6.1 Diagnostic Tests¶
Serum calcium (corrected for albumin), PTH, phosphate, magnesium, 25(OH)D, 1,25(OH)2D, creatinine, and urinary calcium. Consider parathyroid imaging and bone density scans.
6.2 Algorithms¶
- Correct calcium for albumin. 2. Measure PTH. 3. Assess vitamin D and phosphate. 4. Evaluate for malignancy, renal disease, or drug use. 5. Use imaging for parathyroid adenomas or metastases.
7. MANAGEMENT & TREATMENT¶
Mild hypercalcemia requires hydration and monitoring, while severe cases need bisphosphonates, calcitonin, or denosumab. Hypocalcemia is managed with calcium gluconate, vitamin D, and magnesium supplementation. Address underlying causes (e.g., malignancy, renal failure).
7.1 Hypercalcemia Treatment¶
- IV fluids (4–6 L saline in 24 h). 2. Bisphosphonates (zoledronic acid, pamidronate). 3. Calcitonin (4–8 IU/kg q6h). 4. Denosumab for renal failure. 5. Glucocorticoids for sarcoidosis or lymphoma.
7.2 Hypocalcemia Treatment¶
- IV calcium gluconate (1–2 g in 500 mL D5W). 2. Vitamin D analogs (calcitriol, doxercalciv). 3. Magnesium supplementation. 4. Address underlying causes (e.g., parathyroidectomy for hypoparathyroidism).
8. PROGNOSIS & COMPLICATIONS¶
Hypercalcemia may lead to renal failure, osteoporosis, and cardiac arrhythmias. Hypocalcemia causes tetany, seizures, and cardiac instability. Early treatment improves outcomes, but chronic cases may result in irreversible bone disease or neurological damage.
8.1 Complications¶
Hypercalcemia: nephrocalcinosis, renal failure, arrhythmias. Hypocalcemia: tetany, seizures, prolonged QTc, cardiac arrest.

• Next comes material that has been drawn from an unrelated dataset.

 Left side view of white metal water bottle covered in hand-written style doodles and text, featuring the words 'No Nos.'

9. SPECIAL CONSIDERATIONS¶
Pregnancy: Monitor for hypercalcemia (malignancy) or hypocalcemia (vitamin D deficiency). Pediatrics: Hypoparathyroidism is often iatrogenic (surgery). Elderly: Higher risk of hypocalcemia due to renal insufficiency and malnutrition. Avoid calcium supplements in renal failure.

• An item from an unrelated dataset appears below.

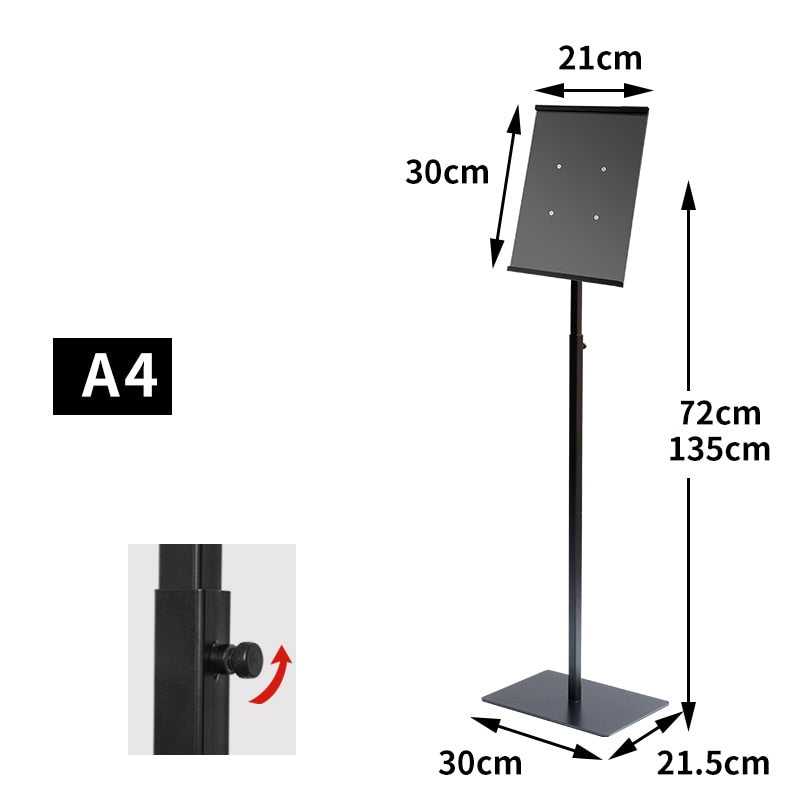 A3 A4 adjustable floor-standing metal advertising promotion poster display stand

10. KEY POINTS & CLINICAL PEARLS¶
- Correct calcium for albumin using 0.8 mg/dL per 1 g/dL albumin decrement. 2. PTH suppression in hypercalcemia indicates malignancy or granulomatous disease. 3. Use bisphosphonates for severe hypercalcemia, and calcitonin for rapid correction. 4. Hypocalcemia requires calcium and vitamin D supplementation, with magnesium correction if present. 5. 'VITAMINS TRAP' mnemonic aids differential diagnosis.